The BSRE proposal would have the thirteen tallest buildings between Seattle and Vancouver, B.C., located far from high capacity transit like bus rapid transit on State Route 99 or planned light rail along I-5.
The City will continue to pursue every avenue possible to ensure any development at Point Wells more closely aligns with the City’s vision and is of a scale that is reasonable and compatible with the surrounding communities.
3 comments:
I just love that the developer invited all the residents in the area to these touchy-feely sessions of community input and design focus group type meetings.
Where they SO assured everyone that they were really there to listen and gather input.....they REALLY wanted to WORK with us and "get along"..
Oh so completely disingenuous on their part as they clearly intend to RAM the plan of 3100 units down our throats.

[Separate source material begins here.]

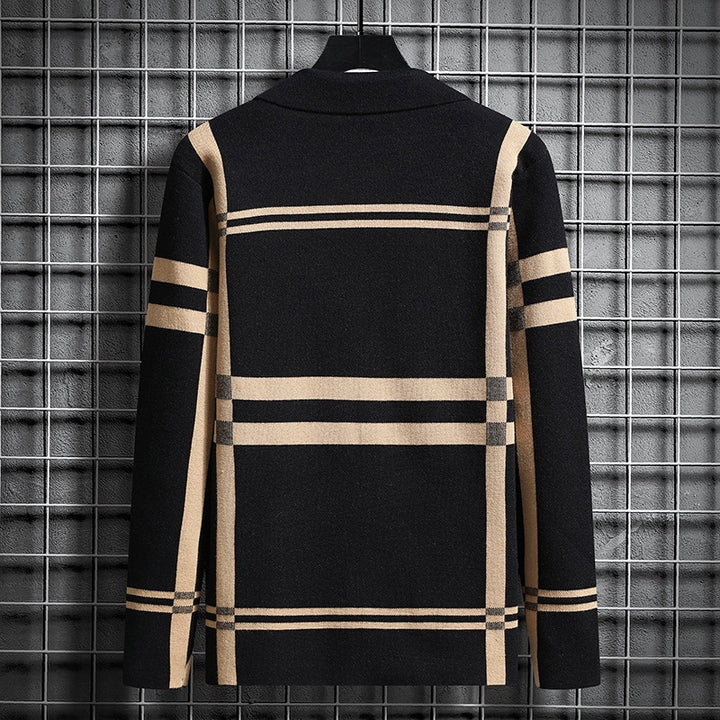 Herren modische Strickjacke mit einzigartigem Karomuster Echoarchiv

And Snohomish County? They could give a crap! Urban Center?
What a bunch of liars...
This site has some unique problems that affect the viability of the Project. Site cleanup and remediation alone could add $10000-15000 to the cost of a unit. Other mitigations for traffic, recreation, acoustics, creating a public beach access will add addtional costs to developing this particular property will add dditional significant costs, all of which must be absorbed by the eventual buyers of the units. No question that these units will be on the high end. The cost of mitigating impacts for traffic and site cleanup to the this development will be extraordinarily high. I beleive that the economic model for the development will require a density proximate to what is being proposed. We all want a beautiful beach, we want the ugliest stretch of shoreline in Puget Sound cleaned up, but that will not be possible if the developer tries to sell condos that cannot be sold. It just won't happen.

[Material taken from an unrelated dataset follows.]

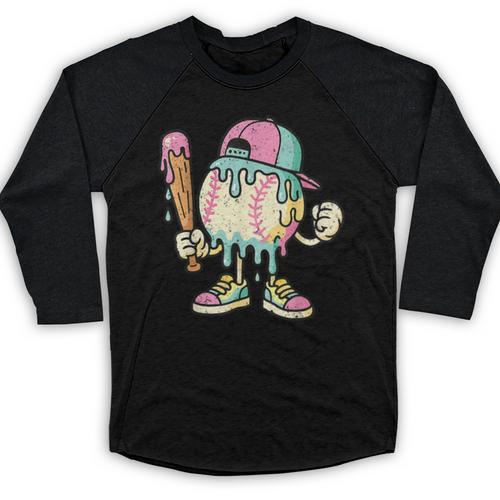 Melted Ice-Cream Baseball Mascot Pastel Pop Baseball Raglan Shirt - Sportilla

If this project were proposed in Vancouver, B.C. they would be offering tax incentives and basically handing them the key to the City. The same would be true for many Cities in the world and in many cities across this land. Hello, we are in a recession here. We have someone who is willing to absorb millions of dollars negative cash flow for many years, to undertake a major project in our backyard that will result in well over a billion dollars in construction alone, put people to work, create new job opportunities, increase property values, add to the tax base so we can afford to support our teachers, police and firefighters, and at the same time provide access to a restored beach asset. This is progress. For all you liberals out there, this is type of project Obama was talking about in his recent speach to the American people. Not the people in Snohomish County, or the wealthy community of Woodway, Richmond Beach, or Shoreline; the American people. We have managed to discourage companies like Boeing (gone in 10 years) from expanding here and this is just another example of our collective negative activism against any major development. This is an opportunity to make a statement to other prospective developers that we want projects like this to succeed. We want our communities to grow and prosper. Unfortunately, with the GMA we have a built-in mechanism assuring that our largest law firms will have their several years of fee generating activity, lawsuits, appeals, etc. back and forth,sucking millions of dollars out of the project. These costs and delays add virtually no value or return to the Community that could not have been achieved by a competant Architectural firm, which they have, and a Community willing to negotiate and work together to achieve their respective goals.
Increase our tax base? No. It will increase Snohomish County's tax base while costing Shoreline taxpayers the cost of more use of Shoreline roads, parks etc.